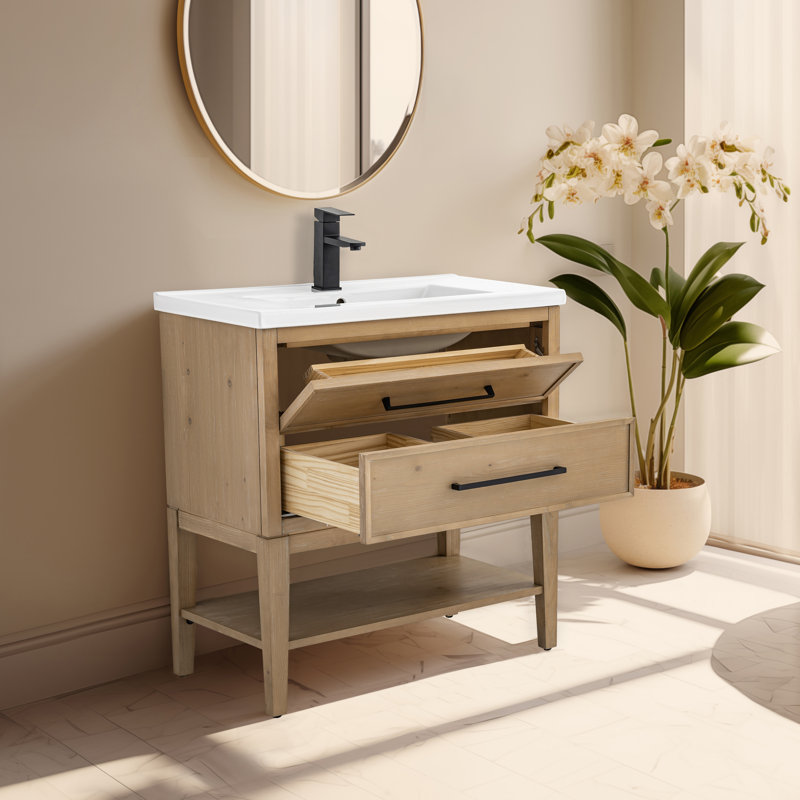 Ensemble de meuble-lavabo simple 30,13 po Brodnax, Essence de sapin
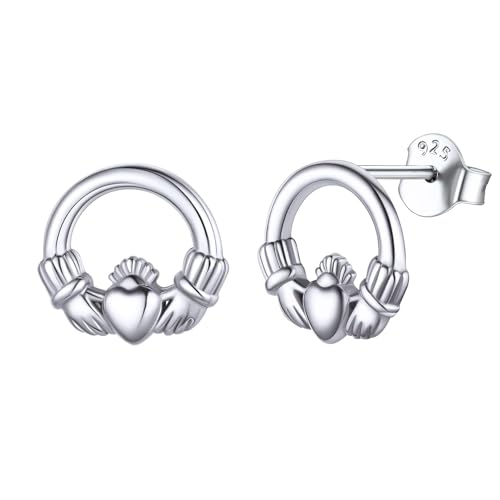 Celtic Claddagh Earrings for Women Hypoallergenic 925 Sterling Silver BFF Friendship Love Heart Stud Earrings Dainty Tiny Celtic Irish Jewelry Hypoallergenic Christmas Earrings for Women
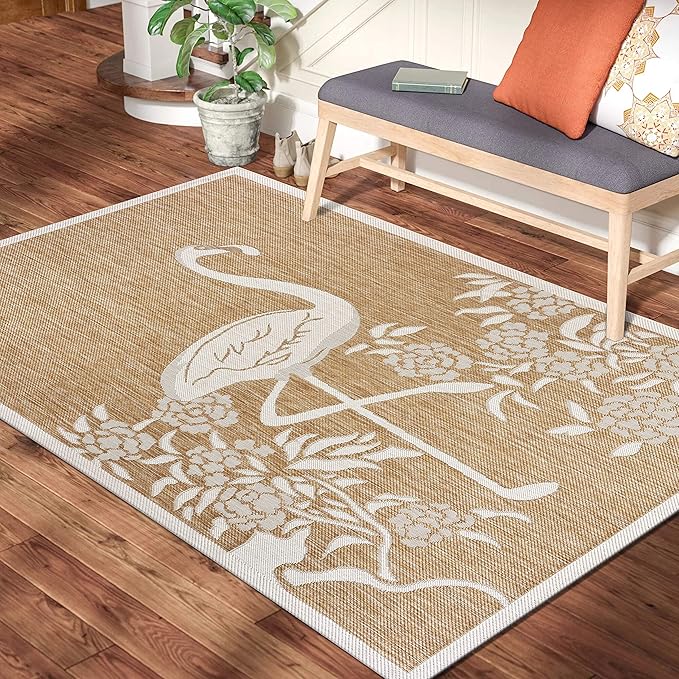 LR Home 8x10 Indoor/Outdoor Area Rug for Home Decor | Tropical Flamingo Large Size Carpet for Living Room, Bedroom, Playroom, Patio, Garden | Modern Farmhouse Rug | Beige/Tan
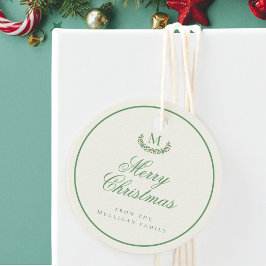 Klassische Weihnachtsfamilie Monogram Fevor Tags Geschenkanhänger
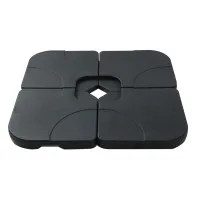 Instahut Outdoor Umbrella Base - 50cm 4-Plate Stand, PE Plastic, 64kg Capacity, UV Resistant, Easy Mobility, Black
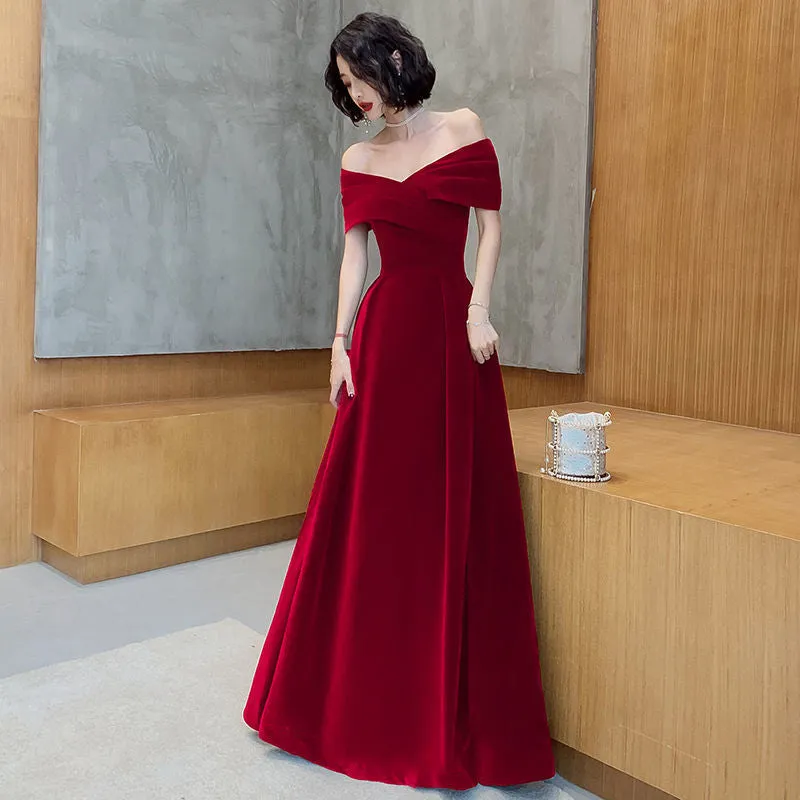 Off Shoulder Burgundy A Line Long Prom Dress Velvet Evening Formal Party Gown 563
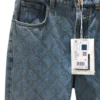Chanel 26b Blue Denim Jeans with Diamond Quilted Pattern closeup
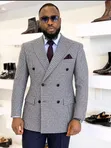 Ricardo Martinez Grey Houndstooth Double-Breasted Suit - 4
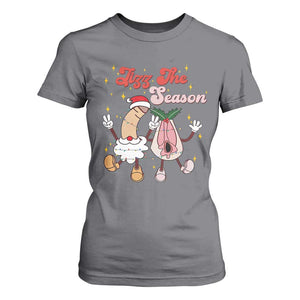 Dirty Christmas Jizz The Season T Shirt For Women Funny Xmas Inappropriate Adult Humor TS11 Charcoal Print Your Wear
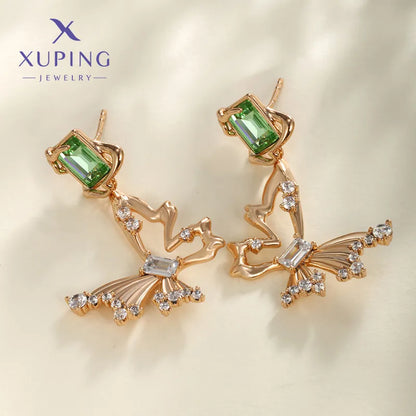 1 Pair Casual XUPING Sweet Butterfly Hollow Out Inlay Copper Artificial Gemstones Artificial Crystal 18K Gold Plated Drop Earrings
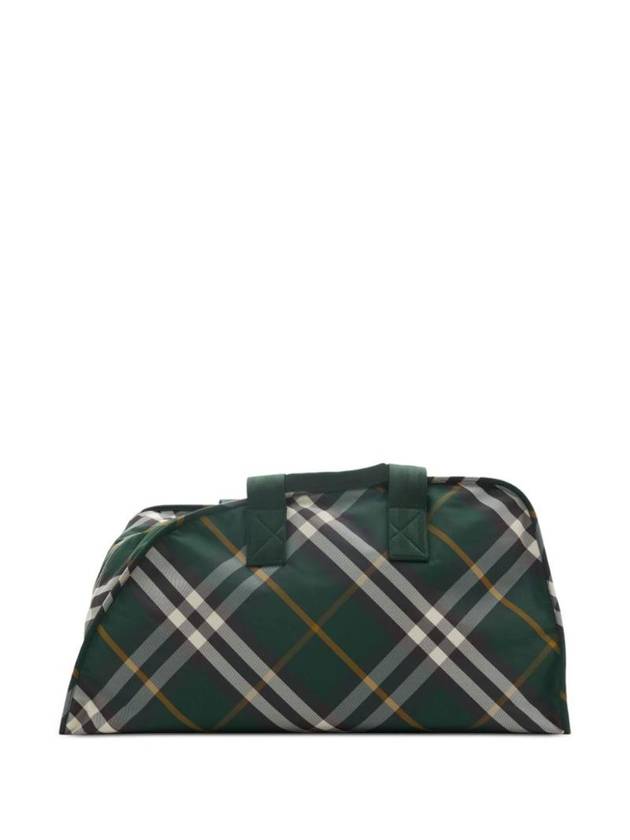 Burberry Shield Check Pattern Large Duffel Bag Green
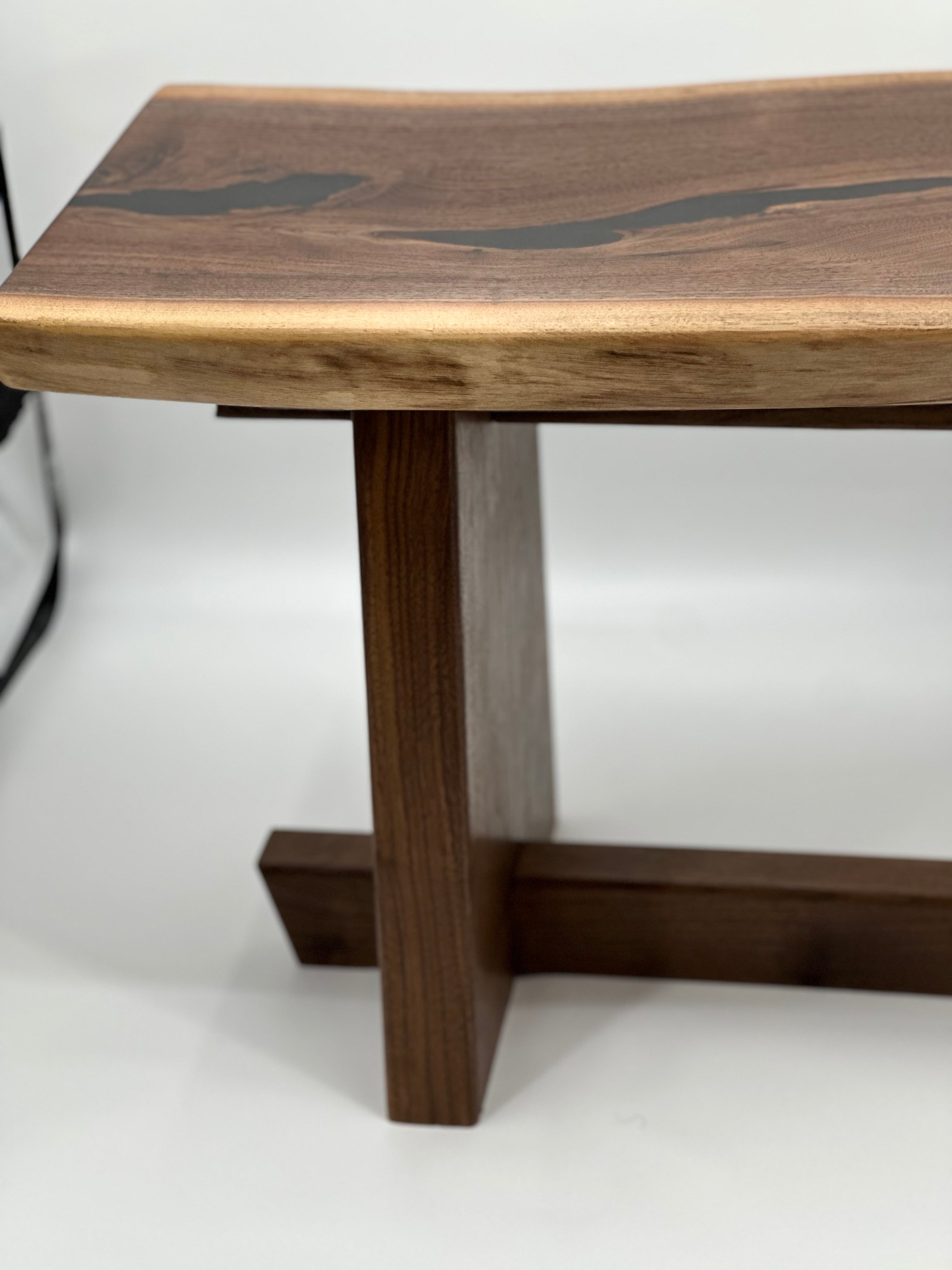 Nakashima Inspired Black Walnut Live Edge Coffee Table by Mindful Creations Woodworking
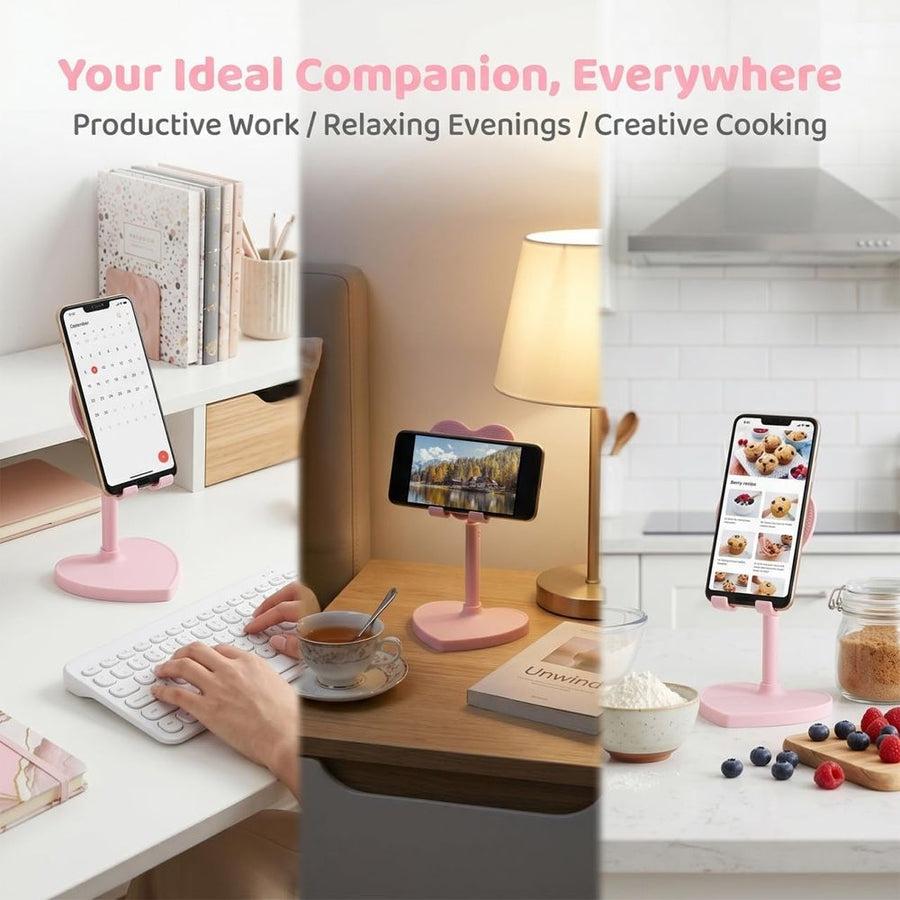 Heart-Shaped Phone Stand, Adjustable & Extendable Multi-Function Phone Holder, Suitable For Desk, Perfect For Watching Movies,23*11.3cm,Pink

-------

Only the lines from the first line of the data above through the line with "Ricardo Martinez Grey" should appear in the answer, retyped exactly, with every picture left out.

Solution to this exercise:
 Ensemble de meuble-lavabo simple 30,13 po Brodnax, Essence de sapin
 Celtic Claddagh Earrings for Women Hypoallergenic 925 Sterling Silver BFF Friendship Love Heart Stud Earrings Dainty Tiny Celtic Irish Jewelry Hypoallergenic Christmas Earrings for Women
 LR Home 8x10 Indoor/Outdoor Area Rug for Home Decor | Tropical Flamingo Large Size Carpet for Living Room, Bedroom, Playroom, Patio, Garden | Modern Farmhouse Rug | Beige/Tan
 Klassische Weihnachtsfamilie Monogram Fevor Tags Geschenkanhänger
 Instahut Outdoor Umbrella Base - 50cm 4-Plate Stand, PE Plastic, 64kg Capacity, UV Resistant, Easy Mobility, Black
 Off Shoulder Burgundy A Line Long Prom Dress Velvet Evening Formal Party Gown 563
Chanel 26b Blue Denim Jeans with Diamond Quilted Pattern closeup
 Ricardo Martinez Grey Houndstooth Double-Breasted Suit - 4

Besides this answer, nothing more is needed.